Dilthey est amené ainsi à distinguer, dans son ouvrage majeur L’Edification du monde
historique dans les sciences de l’esprit (1883), les « sciences de l’esprit » (nos actuelles
sciences humaines) et les sciences de la nature. Ces dernières expliquent les phénomènes
naturels : elles déploient les relations causales reliant les uns aux autres les phénomènes et
visent donc l’établissement de lois universelles. À l’inverse, les « sciences de l’esprit »
(histoire, économie politique, science de la religion, psychologie et bientôt sociologie)
recherchent la compréhension des faits humains, donc leur sens, dans leur singularité.
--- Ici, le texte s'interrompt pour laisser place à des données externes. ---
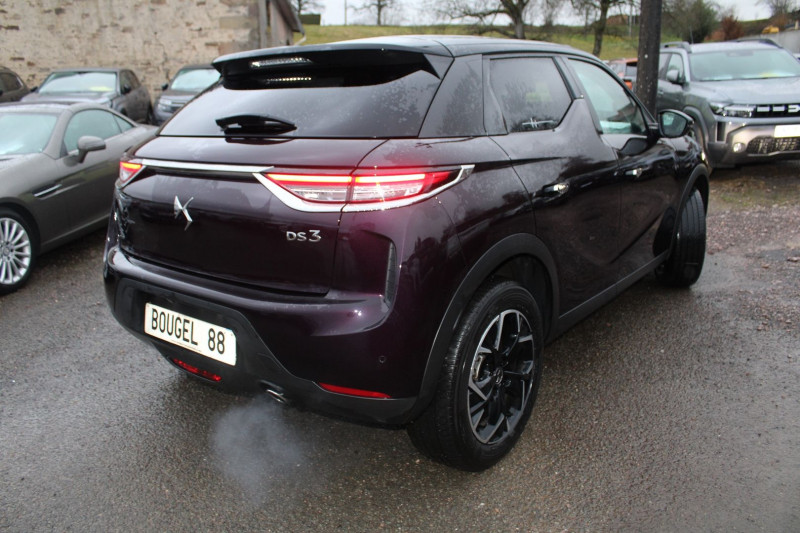 Photo 2 de l'offre de DS DS 3 CROSSBACK BLUE HDI 130 CV RIVOLI GPS 3D CAMÉRA USB JA 17 I-COKPIT FULL LED BOITE AUTO EAT8 à 22990€ chez Bougel transactions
La
science historique, par exemple, se penche sur des séries d’événements qui ont eu lieu une
fois. La sociologie dite compréhensive s’intéresse à des comportements singuliers obéissant à
des intentions, et qui, en se généralisant et en se stabilisant, dessinent pour une société donnée
diverses normes tendancielles que l’on doit chercher à comprendre de l’intérieur, comme par
empathie. On est donc bien loin ici des ambitions du positivisme français, de Comte (17981857) et de la « physique sociale », ou de Durkheim (1858-1917), qui estime nécessaire de
« traiter des faits sociaux comme des choses », comme des phénomènes positifs, et de faire
abstraction des intentions humaines au motif qu’elles sont « trop subjectives pour pouvoir être
traitées scientifiquement » (Règles de la méthode sociologique, 1895). Dans ces sciences de
l’esprit, on ne peut aboutir qu’à des degrés d’interprétation plus ou moins probables, non à
des vérités indiscutables. C’est pourquoi la relation de l’homme à la monnaie n’est pas
analysée seulement sous l’angle des conditions matérielles d’une économie, mais à travers le
jeu des représentations psychiques.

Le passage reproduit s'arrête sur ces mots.